:: Data extracts ::
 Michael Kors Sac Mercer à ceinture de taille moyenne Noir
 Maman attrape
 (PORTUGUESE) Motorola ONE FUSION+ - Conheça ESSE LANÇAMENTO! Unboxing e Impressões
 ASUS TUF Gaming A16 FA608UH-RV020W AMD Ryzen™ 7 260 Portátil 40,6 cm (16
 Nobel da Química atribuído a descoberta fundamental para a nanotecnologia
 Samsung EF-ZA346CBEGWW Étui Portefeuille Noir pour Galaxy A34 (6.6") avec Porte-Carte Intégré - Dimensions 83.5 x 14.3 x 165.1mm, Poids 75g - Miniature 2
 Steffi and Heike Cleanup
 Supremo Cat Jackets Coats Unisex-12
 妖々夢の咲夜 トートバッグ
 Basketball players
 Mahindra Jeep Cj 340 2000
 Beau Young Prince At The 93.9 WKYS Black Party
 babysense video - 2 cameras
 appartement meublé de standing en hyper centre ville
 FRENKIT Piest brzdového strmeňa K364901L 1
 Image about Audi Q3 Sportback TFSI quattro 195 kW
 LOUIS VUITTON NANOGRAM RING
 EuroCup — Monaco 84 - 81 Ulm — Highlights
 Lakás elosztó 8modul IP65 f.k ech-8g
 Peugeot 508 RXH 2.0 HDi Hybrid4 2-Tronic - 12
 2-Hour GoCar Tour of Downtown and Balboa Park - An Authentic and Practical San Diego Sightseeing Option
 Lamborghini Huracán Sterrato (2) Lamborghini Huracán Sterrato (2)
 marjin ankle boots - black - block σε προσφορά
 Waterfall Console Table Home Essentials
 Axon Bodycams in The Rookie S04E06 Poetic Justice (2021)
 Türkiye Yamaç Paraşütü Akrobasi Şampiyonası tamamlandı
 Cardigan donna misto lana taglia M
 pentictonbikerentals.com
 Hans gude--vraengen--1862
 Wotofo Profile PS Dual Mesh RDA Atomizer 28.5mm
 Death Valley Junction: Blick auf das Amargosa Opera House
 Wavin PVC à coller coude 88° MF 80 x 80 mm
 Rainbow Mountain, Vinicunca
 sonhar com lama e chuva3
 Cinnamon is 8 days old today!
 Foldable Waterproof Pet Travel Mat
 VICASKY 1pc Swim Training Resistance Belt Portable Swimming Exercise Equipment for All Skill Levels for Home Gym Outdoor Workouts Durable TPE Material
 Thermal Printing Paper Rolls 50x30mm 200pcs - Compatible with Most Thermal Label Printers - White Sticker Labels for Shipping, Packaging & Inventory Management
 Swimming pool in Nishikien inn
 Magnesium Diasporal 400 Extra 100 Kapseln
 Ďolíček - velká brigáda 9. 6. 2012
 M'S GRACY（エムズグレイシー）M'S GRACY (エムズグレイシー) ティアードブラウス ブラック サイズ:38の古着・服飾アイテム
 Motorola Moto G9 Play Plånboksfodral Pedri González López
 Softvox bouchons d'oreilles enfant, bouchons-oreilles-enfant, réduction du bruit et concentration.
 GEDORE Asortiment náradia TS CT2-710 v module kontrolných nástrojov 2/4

:: Problem description ::
Every line above from the line with "Beau Young Prince" to the line with "Peugeot 508 RXH", inclusive, must be returned exactly; no other line belongs in the reply.

:: Solution for this exercise ::
 Beau Young Prince At The 93.9 WKYS Black Party
 babysense video - 2 cameras
 appartement meublé de standing en hyper centre ville
 FRENKIT Piest brzdového strmeňa K364901L 1
 Image about Audi Q3 Sportback TFSI quattro 195 kW
 LOUIS VUITTON NANOGRAM RING
 EuroCup — Monaco 84 - 81 Ulm — Highlights
 Lakás elosztó 8modul IP65 f.k ech-8g
 Peugeot 508 RXH 2.0 HDi Hybrid4 2-Tronic - 12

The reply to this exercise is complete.